Up to the present day, formal adaptation research in sport and exercise psychology has included investigations into the adaptation processes of National Hockey League athletes during various stages of a professional sport career; immigrant athletes performing in major league baseball; Olympians; elite amateur cyclists; and indigenous developmental, elite amateur and professional athletes. These investigations have been for the most part qualitative, with several projects positioned as atheoretical, and others reflecting various adaptation, career, or life transition frameworks. This author proposes that adaptation research, reflecting its reality in application, should include cross-cultural investigations, community sport contexts, developmental sport, youth sport, sport for the elderly, and interventions in exercise and health settings with at-risk cohorts. Indeed, every performer experiences adaptation processes, though not all adaptation attempts are successful. Through a more systematic approach to research and practice, the sought after outcome of adaptation can become the performer’s effective resolution to stress episodes in sport and exercise contexts.
References:
- Magnusson, K. C., & Redekopp, D. E. (1992).

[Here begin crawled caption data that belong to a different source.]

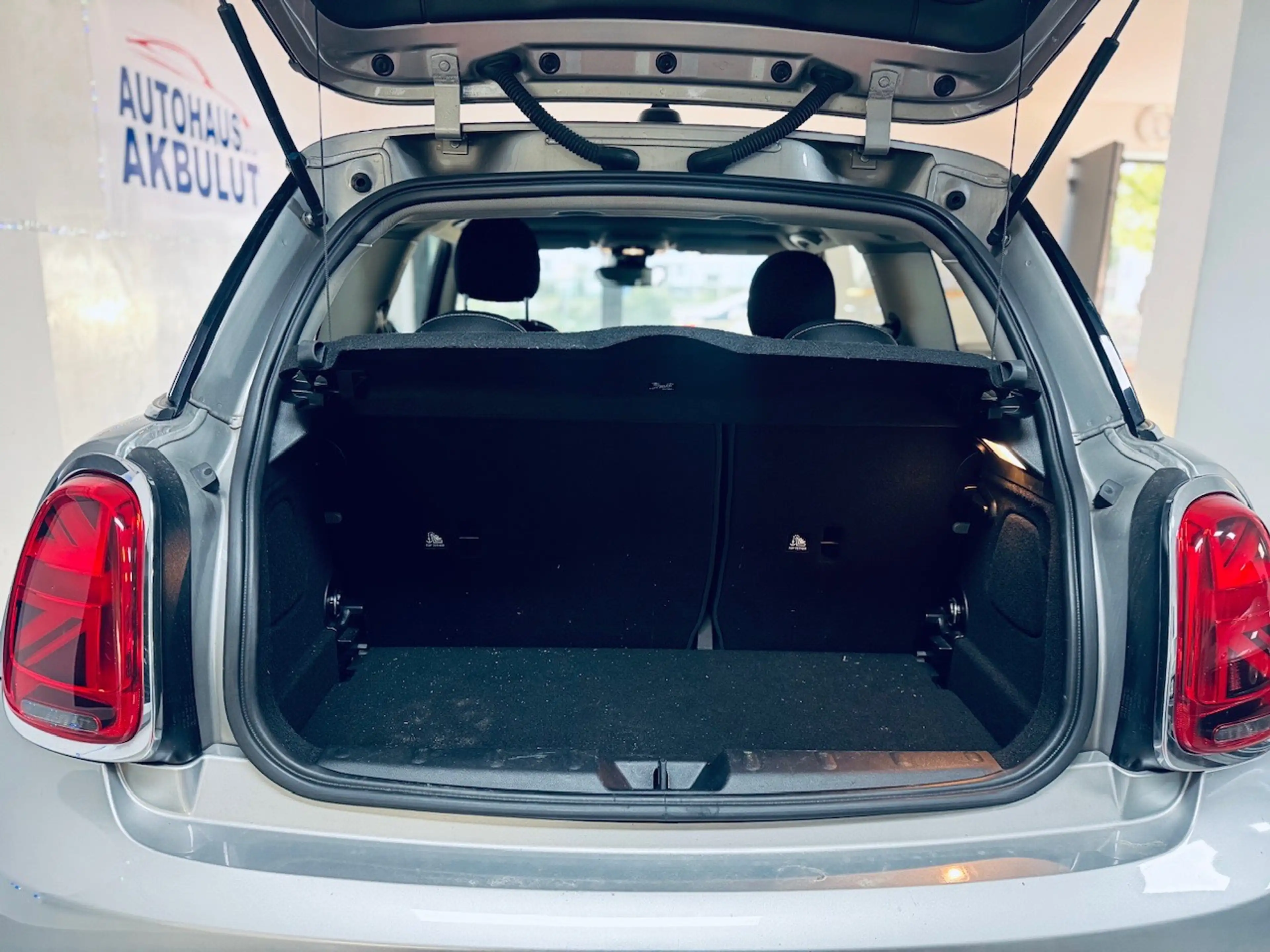 MINI Cooper Cooper Essential Trim*Finanzierung+Garantie+Inspektion+Tüv* — photo 11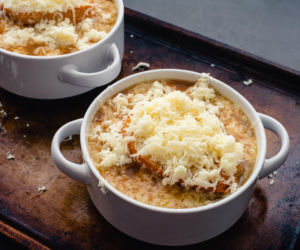 Zupa cebulowo-serowa – kremowa, rozgrzewająca i pełna smaku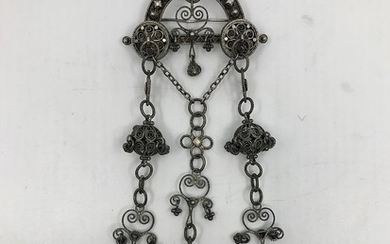 David Andersen: A filigree silver brooch. Made and marked by David Andersen, Norway 1888–1925. Weight app. 35 g. 16×5.8 cm.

Adaptability for transitions: Components and implications for intervention. Canadian Journal of Counselling, 26, 134–143.
- Pummell, B., Harwood, C., & Lavallee, D. (2008). Jumping to the next level: A qualitative examination of within-career transition in adolescent event riders. Psychology of Sport and Exercise, 9, 427–447. doi:10.1016/j.psychsport.2007.07.004
- Schinke, R. J., Tenenbaum, G., Lidor, R., & Battochio, R. C. (2010). Adaptation in action: The transition from research to intervention. The Sport Psychologist,24, 542–557.
- Sinclair, D., & Orlick, T. (1993). Positive transitions from high-performance sport. The Sport Psychologist, 7, 138–150.
- Tenenbaum, G., Jones, C. M., Kitsantis, A., Sachs, D. N., & Berwick, J. P. (2003). Failure adaptation: An investigation of the stress response process in sport. International Journal of Sport Psychology, 34, 27–62.